This repository contains R and Python (v 2.7) scripts for implementing sCAKE and LAKE method for single document keyword Extraction.
sCAKE: semantic Connectivity Aware Keyword Extraction
LAKE: Language-Agnostic Keyword Extraction
Author: Swagata Duari
Acknowledgement: Rakhi Saxena, Vasudha Bhatnagar
@article{DUARI2019100,
title = "sCAKE: Semantic Connectivity Aware Keyword Extraction",
journal = "Information Sciences",
volume = "477",
pages = "100 - 117",
year = "2019",
issn = "0020-0255",
doi = "https://doi.org/10.1016/j.ins.2018.10.034",
url = "http://www.sciencedirect.com/science/article/pii/S0020025518308521",
author = "Swagata Duari and Vasudha Bhatnagar",
keywords = "Automatic Keyword Extraction, Text Graph, Semantic Connectivity, Parameterless, Language Agnostic"
}
The algorithms rank all the candidate keywords and present the output in descending order of SCScore. and does not define the number of candidates to be extracted as keywords. Thus the user have to decide on the number of extracted keywords. sCAKE is designed for languages with support of sohisticated NLP tools, like English. This impementation of sCAKE is aimed for English language only. However, interested users may apply the appropriate NLP tools, if available, for the language of their interest.
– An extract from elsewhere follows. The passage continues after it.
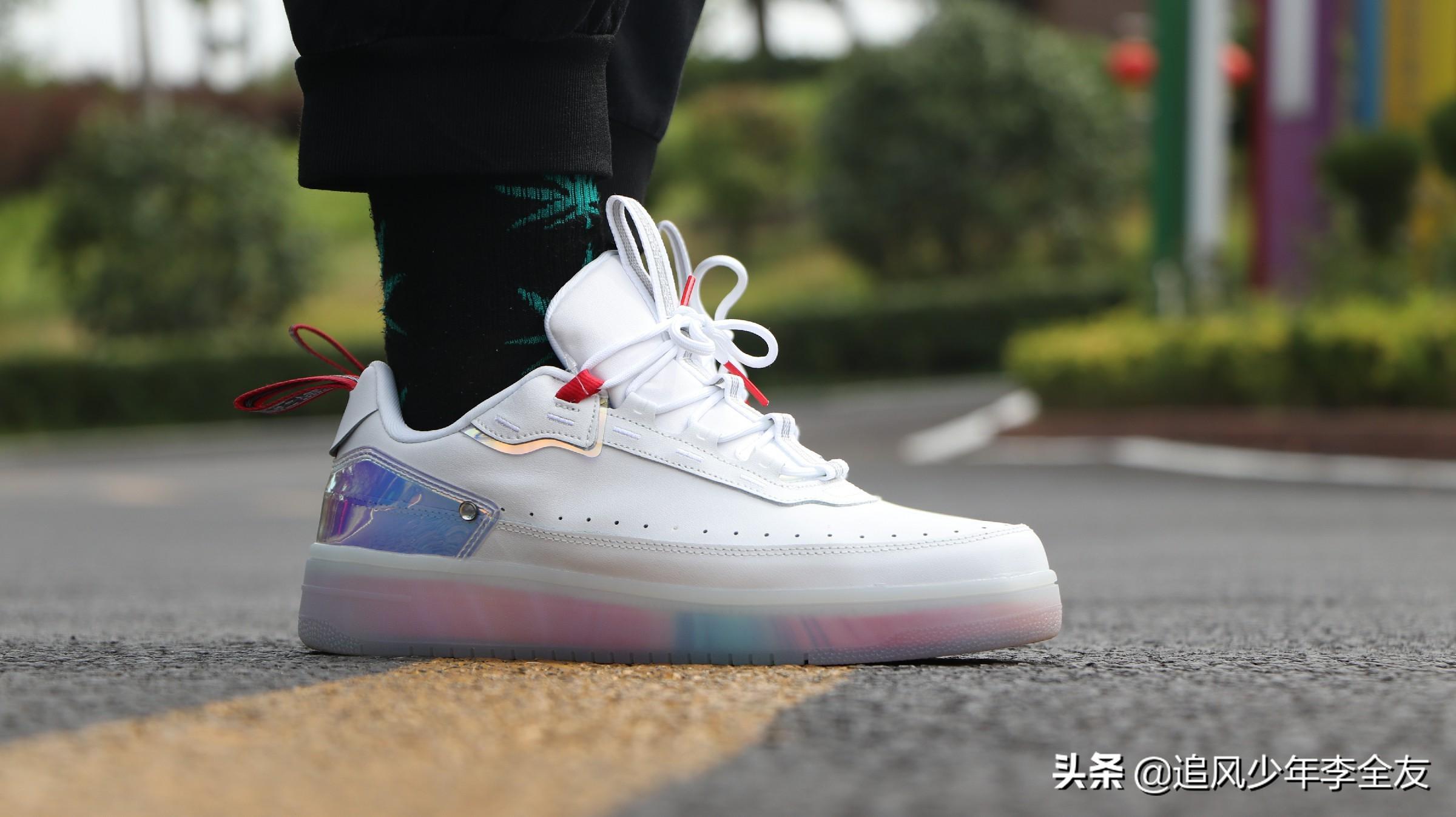 空軍一號(hào)運(yùn)動(dòng)鞋夏天是否捂腳的分析與探討，空軍一號(hào)運(yùn)動(dòng)鞋夏季捂腳現(xiàn)象深度解析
Alternatively, the user may work with LAKE which can be applied on documents of any language.
-
Run 'create-position-info-algoname.R' (replace 'algoname' with sCAKE or LAKE as required)
-
For LAKE, run 'compute-sigma-index.R'. Skip this for sCAKE.
-
Run 'create-graph-algoname.R' (creates graphs according the mentioned algorithm)
-
For both algorithms, run 'Convert-adjmat-to-edgelist.R'
-
For both algorithms, run Python script 'InfluenceEvaluation.py' using following command:
python InfluenceEvaluation.py '/path/to/input/directory/Edgelist/'
(Reformatted and reused this script. The Author of python script is my collegue.)
-
For both algorithms, run 'Word-score-with-PostionWeight.R'